RAW DATA:
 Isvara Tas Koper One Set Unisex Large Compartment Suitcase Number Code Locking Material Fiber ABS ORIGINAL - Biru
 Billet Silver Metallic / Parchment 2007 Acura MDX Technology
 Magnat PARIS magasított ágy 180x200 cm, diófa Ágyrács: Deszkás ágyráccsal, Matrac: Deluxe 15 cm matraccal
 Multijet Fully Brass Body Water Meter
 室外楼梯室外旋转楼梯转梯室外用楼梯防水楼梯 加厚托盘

---

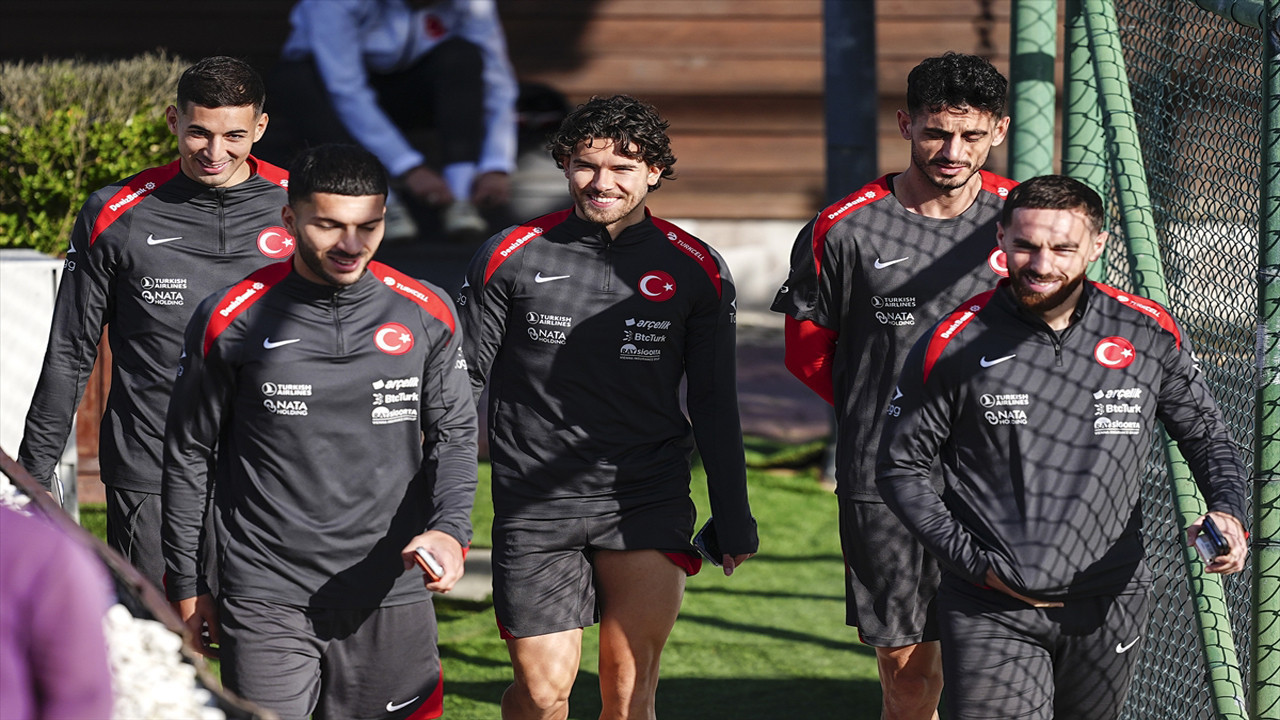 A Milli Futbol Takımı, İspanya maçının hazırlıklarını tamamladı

PROBLEM DETAILS:
What you return must be an exact retyping of the lines above starting at the line with "Isvara Tas Koper" and ending at the line with "室外楼梯室外旋转楼梯转梯室外用楼梯防水楼梯 加厚托盘", and nothing besides.

ANSWER TO THIS EXERCISE:
 Isvara Tas Koper One Set Unisex Large Compartment Suitcase Number Code Locking Material Fiber ABS ORIGINAL - Biru
 Billet Silver Metallic / Parchment 2007 Acura MDX Technology
 Magnat PARIS magasított ágy 180x200 cm, diófa Ágyrács: Deszkás ágyráccsal, Matrac: Deluxe 15 cm matraccal
 Multijet Fully Brass Body Water Meter
 室外楼梯室外旋转楼梯转梯室外用楼梯防水楼梯 加厚托盘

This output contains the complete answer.